Henry Louis Gates and the dysfunctional relationship between law enforcement and black America
Should black Americans trust the police? That long-simmering question reappeared last week with the news that Henry Louis Gates Jr., Harvard University's famous professor of African-American studies, had been arrested outside of his Cambridge, Massachusetts home. "Why, because I'm a black man in America?" Gates asked the arresting officer, Sgt. James Crowley, who had responded to a report of two black men breaking into Gates' house. As it turned out, Gates and his driver were just trying to dislodge a jammed front door.
According to the police report, Gates exhibited "loud and tumultuous behavior" in a public place and was therefore arrested for disorderly conduct. According to Gates, Sgt. Crowley repeatedly refused to provide his name or badge number, and arrested Gates after the professor's identity—and his right to be inside his own home—had been clearly established. Sgt. Crowley maintains that he's "done nothing wrong," though the fact that the Cambridge police dropped all charges lends significant weight to Gates' version of the story.
But does that make it a racial story, rather than an example of a bullying cop versus a rude or outspoken civilian? Not according to some conservative writers. As The Wall Street Journal's James Taranto put it: "Is this what happens to black men in America? We'd say it's what happens to men in America who are mistaken for burglars." That's a persuasive interpretation. National Review's pseudonymous blogger Jack Dunphy (an LAPD officer writing under a "nom de cyber") went a little further. "The claim that Gates has been 'profiled' is ludicrous," Dunphy wrote. "If there's an apology that's owed, it's not from the police."

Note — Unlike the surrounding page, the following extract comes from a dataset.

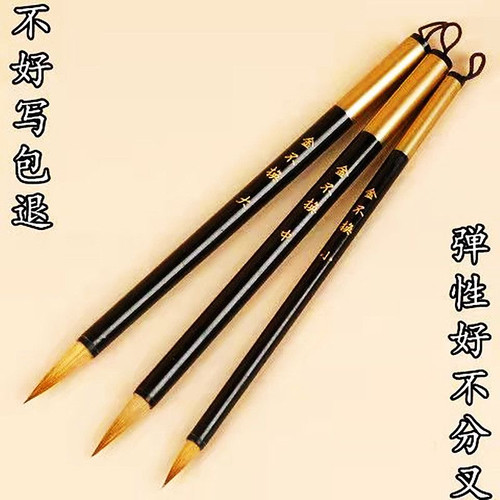 金不换狼毫小楷书法毛笔行书楷书瘦金描红临摹蝇头小字勾线笔湖笔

It's certainly possible that both Gates and Crowley were acting like jerks, though that hardly entitles the officer to arrest Gates (or receive an apology from him). But also consider the interpretation offered by the conservative black journalist John McWhorter, a writer who is perhaps best known for criticizing the racial politics of American liberals and arguing that "hip-hop holds blacks back." As McWhorter argued at The New Republic, "the relationship between black men and police forces is, in fact, the main thing keeping America from becoming 'post-racial' in any sense."
What he means is that despite the vast and self-evident progress America has made on race, black men—including successful Harvard professors—still have some very legitimate reasons for distrusting the police. Is that so far-fetched?
Consider the historical backdrop. Counting just the years since the abolition of slavery, black Americans endured roughly a century of Jim Crow rule, where state and local officials (North and South, and most obviously including the police) systematically deprived them of their rights. That included the right to vote, the right to acquire and use property, and the right to keep and bear arms for self-defense. Yes, those events happened in the past. But there are black men and women alive today with a clear memory of that state-sanctioned abuse.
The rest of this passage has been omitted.